The Ramers anticipate hosting approximately three events per week with a maximum of 300 people each. The plans include 93 parking spaces onsite, with shuttle and/or professional valet service provided for off-site parking if needed.
The supervisors’ vote was preceded by a public hearing that lasted more than 93 minutes, as neighbors, local business owners and investors spoke about the potential benefits and problems associated with the proposed zoning change and the planned venue.
Attorney Thomas Galvin, Rose Law Group, spoke on behalf of the Ramers, describing the plans for Joslyn Crown as a “unique, distinct indoor venue. Any events that are held outdoors will be purely ceremonial.”
He added that, “There is already a significant amount of activity for retail, restaurants, commercial event venues and a state park nearby… It is my understanding that the residential properties immediately surrounding the proposed site were purchased after this application was first made with the county.”
Local residents, already fed up with noise and traffic created during events at the Paseo wedding and event center, Filly’s Roadhouse, Superstition Mountain Museum, Elks Lodge and other neighboring venues, spoke out against the zoning change.
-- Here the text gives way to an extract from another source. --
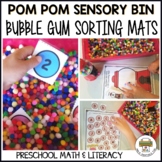 Pom Pom Sensory Bin Bubble Gum Math and Literacy Preschool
Resident Jerry Clausen explained, “What I’m interested in is the lifestyle that my wife and I and our neighbors have deliberately chosen – chosen years ago – and now we feel it is in jeopardy.” Other speakers cited potential safety hazards created when heavy traffic and overflow parking blocks emergency vehicles.
Resident Karen Fisher-Smith, however, feels that Joslyn Crown will help promote a positive image for the community, “This will be an indoor venue, unlike the other businesses in the area… We all knew about that [existing commercial and event traffic and noise] when we bought our property. I think this is a positive thing for our community; it’s going to bring a lot of positive light and a lot of potential homebuyers when they discover the Apache Junction area by coming to places like the proposed business.”
Marni Leyva, owner of Apache Junction Flowers and Wild Iris Weddings is also in favor of the wedding venue. “The Ramers have demonstrated an earnest desire to partner with local Apache Junction and Pinal County wedding vendors and businesses… Furthermore, because Joslyn Crown is an indoor event venue, it will provide year-round business, thus benefiting hotels, gas stations, restaurants, grocery stores and our local tourist attractions.
“The wedding industry is a multi-billion dollar industry. Current venues in our area are booked years in advance, proving that the demand for another event venue not only exists, but it is way past due.”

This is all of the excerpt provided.